Who We Are
The Earth System Science Education Alliance (ESSEA) is a NASA, NSF and NOAA-supported program implemented by the Institute for Global Environmental Strategies (IGES) to improve the quality of geoscience instruction for pre-service and in-service K-12 teachers. Started in 2000, the program currently includes the participation of 40+ institutions, with over 3,000 teachers having completed an ESSEA course as of fall 2009.
ESSEA is based on a series of online courses for teachers that are offered by participating institutions. These institutions and faculty receive training, technical support, the ability to create and share their own course modules, and join an active community of Earth system science educators.
The inquiry-based courses provide teachers with the content knowledge and tools they need to incorporate Earth system science into their curricula.
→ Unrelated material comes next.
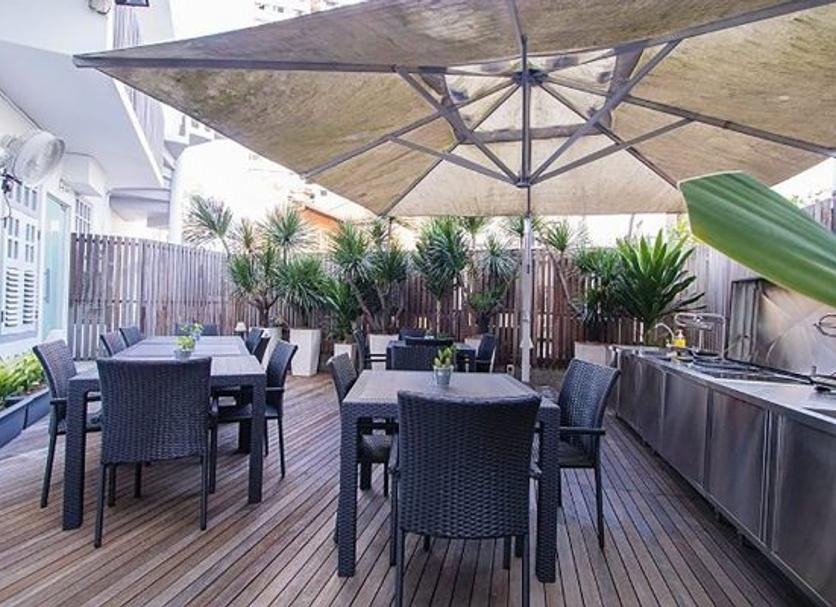 Patio Billede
ESSEA modules are also available on this site as teacher resources.
A typical ESSEA course is 12–16 weeks and includes 3–4 modules on Earth system science topics, which are selected by the course instructor.
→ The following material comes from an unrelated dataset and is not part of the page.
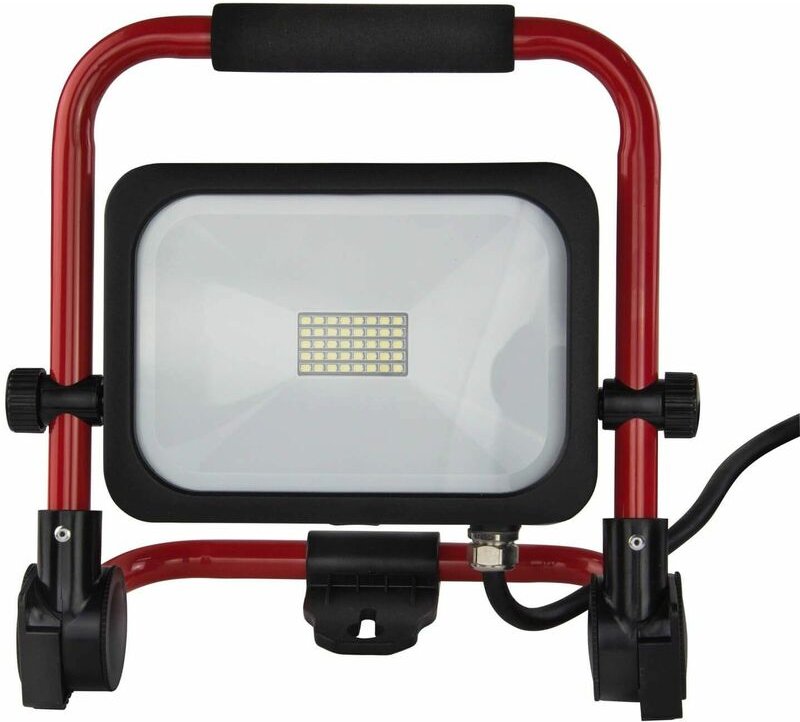 Dema - LED-Strahler Baustrahler 20 Watt tragbar Werkstattlampe Arbeitslampe Leuchte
The courses deepen teachers’ content knowledge within an inquiry environment through reflection, analysis and self-discovery. They familiarize participants with Earth system analyses and provide a suite of techniques that can be employed to facilitate student learning; these include Jigsaw, Problem-Based Learning, and Group Investigation. Each of these methods takes teachers out of the role of “middle man” (i.e., the deliverer of content) and creates a student-centered classroom.
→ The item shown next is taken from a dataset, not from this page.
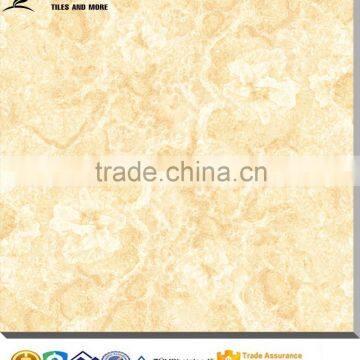 Silver glazed porcelain metallic floor tile/roman gold tile/calcutta gold marble tile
When faculty set up their ESSEA course, they select the inquiry strategy that they will use: problem- based learning, jigsaw, or group investigation. The course software sets the course up with instructions and assignments specific to each of these inquiry strategies.
Teacher participants in ESSEA courses are engaged as learners in inquiry-guided instruction. Experiencing the effectiveness of the inquiry approach in a teacher’s own learning has been demonstrated to be a powerful motivator to emphasize inquiry in their own classrooms.